The standard error for Yuen’s test is:
\[ SE = \sqrt{\frac{(n_x - 1) s_{w,x}^2}{h_x(h_x - 1)} + \frac{(n_y - 1) s_{w,y}^2}{h_y(h_y - 1)}} \]
The test statistic becomes:
\[ t_{obs} = \frac{\bar{x}_t - \bar{y}_t - \mu_0}{SE} \]
This same procedure is applied to each permutation sample, using trimmed means and winsorized variances computed from the permuted data.
Studentized Permutation: The perm_se Argument
By default, perm_t_test uses the
studentized permutation approach
(perm_se = TRUE), which recalculates the standard error for
each permutation sample. This follows the recommendations of Janssen (1997) and Chung
and Romano (2013), who showed that studentized permutation tests
maintain valid Type I error control even under heteroscedasticity
(unequal variances).
How perm_se and var.equal
interact:
These two arguments control different aspects of the test:
-
var.equalcontrols how the standard error is calculated (pooled vs. Welch formula) -
perm_secontrols whether the standard error is recalculated for each permutation
perm_se |
var.equal |
Behavior |
|---|---|---|
| TRUE | TRUE | Recalculates pooled variance for each permutation |
| TRUE | FALSE | Recalculates separate (Welch) variances for each permutation |
| FALSE | TRUE | Uses original pooled SE for all permutations |
| FALSE | FALSE | Uses original Welch SE for all permutations |
Recommendations:
-
Use
perm_se = TRUE(default) in most situations. The studentized approach provides better Type I error control, especially when variances differ between groups. -
Use
perm_se = FALSEonly when you are confident that variances are truly equal and want faster computation. This is the traditional (non-studentized) permutation approach, which assumes homoscedasticity. - The choice of
var.equalshould be based on your substantive knowledge about whether the groups have equal variances. When in doubt, use the defaultvar.equal = FALSE.

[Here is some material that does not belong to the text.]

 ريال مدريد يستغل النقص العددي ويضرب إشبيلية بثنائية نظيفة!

Combining Permutation with Trimmed Means
A key feature of perm_t_test is its support for trimmed
means via the tr argument. When tr > 0, the
function uses Yuen’s approach: trimmed means for location estimation and
winsorized variances for standard error calculation. This combination is
particularly powerful because it provides robustness against outliers
(through trimming) together with exact or near-exact inference (through
permutation).
Trimming is helpful when:
- Data contain outliers or extreme values that would unduly influence the mean
- Distributions have heavy tails
- You want robust location estimates without sacrificing the exactness of permutation inference
A common choice is tr = 0.1 (10% trimming) or
tr = 0.2 (20% trimming), though the optimal amount depends
on the suspected degree of contamination.

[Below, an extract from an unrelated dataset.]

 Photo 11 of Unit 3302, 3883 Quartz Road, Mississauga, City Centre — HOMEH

Example: Basic Permutation Test
data('sleep')
# Two-sample permutation t-test
perm_result <- perm_t_test(extra ~ group,
data = sleep,
R = 1999)
perm_result##
## Monte Carlo Permutation Welch Two Sample t-test
##
## data: extra by group
## t-observed = -1.8608, df = 17.776, p-value = 0.0785
## alternative hypothesis: true difference in means is not equal to 0
## 95 percent confidence interval:
## -3.28 0.14
## sample estimates:
## mean of x mean of y
## 0.75 2.33
Example: Permutation Test with Trimming
When outliers are a concern, combining permutation with trimming provides doubly robust inference:
# Simulate data with outliers
set.seed(42)
x <- c(rnorm(18, mean = 0), 8, 12) # Two outliers
y <- rnorm(20, mean = 0)
# Standard permutation test (sensitive to outliers)

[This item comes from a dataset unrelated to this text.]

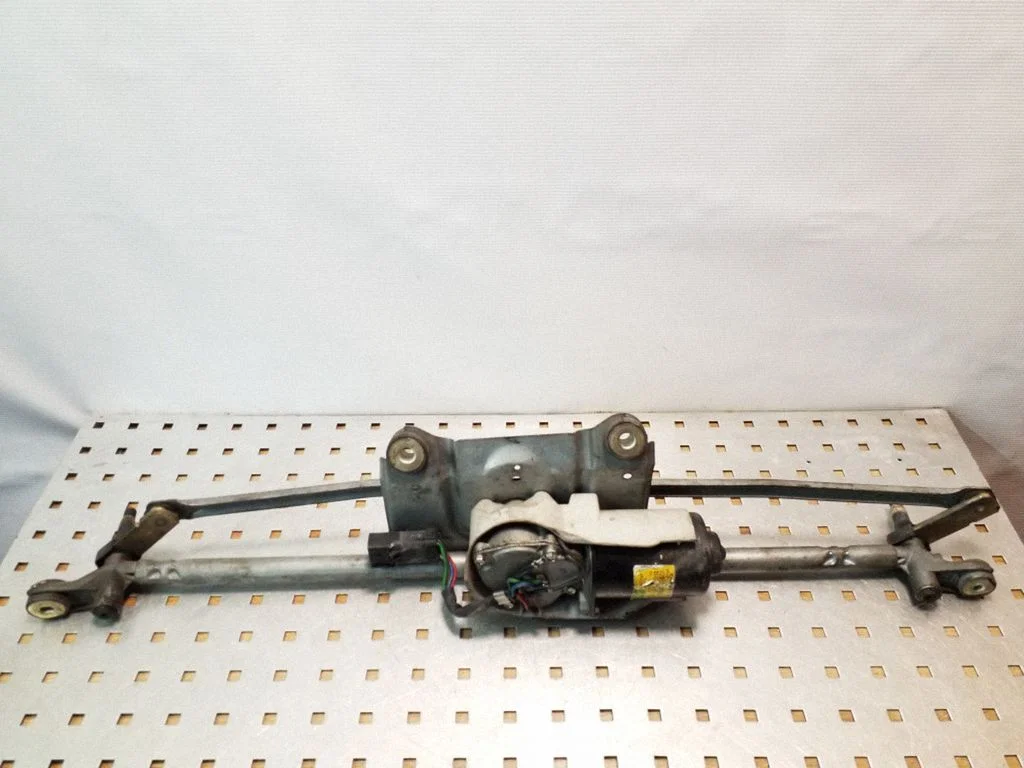 Front wiper linkage and motor – Jeep Grand Cherokee (WJ) (1999-2004)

perm_t_test(x, y, R = 999)## Note: Number of permutations (R = 999) is less than 1000. Consider increasing R for more stable p-value estimates.
##
## Monte Carlo Permutation Welch Two Sample t-test
##
## data: x and y
## t-observed = 1.8777, df = 23.773, p-value = 0.053
## alternative hypothesis: true difference in means is not equal to 0
## 95 percent confidence interval:
## 0.0004404028 2.9218589227
## sample estimates:
## mean of x mean of y
## 1.2479377 -0.2081052
# Trimmed permutation test (robust to outliers)
perm_t_test(x, y, tr = 0.1, R = 999)## Note: Number of permutations (R = 999) is less than 1000. Consider increasing R for more stable p-value estimates.
##
## Monte Carlo Permutation Welch Yuen Two Sample t-test
##
## data: x and y
## t-observed = 1.8462, df = 29.997, p-value = 0.078
## alternative hypothesis: true difference in means is not equal to 0
## 95 percent confidence interval:
## -0.0636125 1.6437612
## sample estimates:
## trimmed mean of x trimmed mean of y
## 0.5627544 -0.1972272
Example: Equivalence Testing with Permutation
The perm_t_test function supports TOSTER’s equivalence
and minimal effect alternatives:
# Equivalence test: is the effect within ±3 units?
perm_t_test(extra ~ group,
data = sleep,
alternative = "equivalence",
mu = c(-3, 3),
R = 999)## Note: Number of permutations (R = 999) is less than 1000. Consider increasing R for more stable p-value estimates.
##
## Monte Carlo Permutation Welch Two Sample t-test
##
## data: extra by group
## t-observed = 1.6724, df = 17.776, p-value = 0.051
## alternative hypothesis: equivalence
## null values:
## difference in means difference in means
## -3 3
## 90 percent confidence interval:
## -3.060 -0.138
## sample estimates:
## mean of x mean of y
## 0.75 2.33
Exact vs. Monte Carlo Permutations
When the total number of possible permutations is less than or equal
to R, the function automatically computes all exact
permutations and prints a message. For example, with a paired sample of
n = 10, there are \(2^{10} = 1024\)
possible sign permutations, so requesting R = 1999 would
trigger exact computation.
# Small paired sample - exact permutations will be computed
before <- c(5.1, 4.8, 6.2, 5.7, 6.0, 5.5, 4.9, 5.8)
after <- c(5.6, 5.2, 6.7, 6.1, 6.5, 5.8, 5.3, 6.2)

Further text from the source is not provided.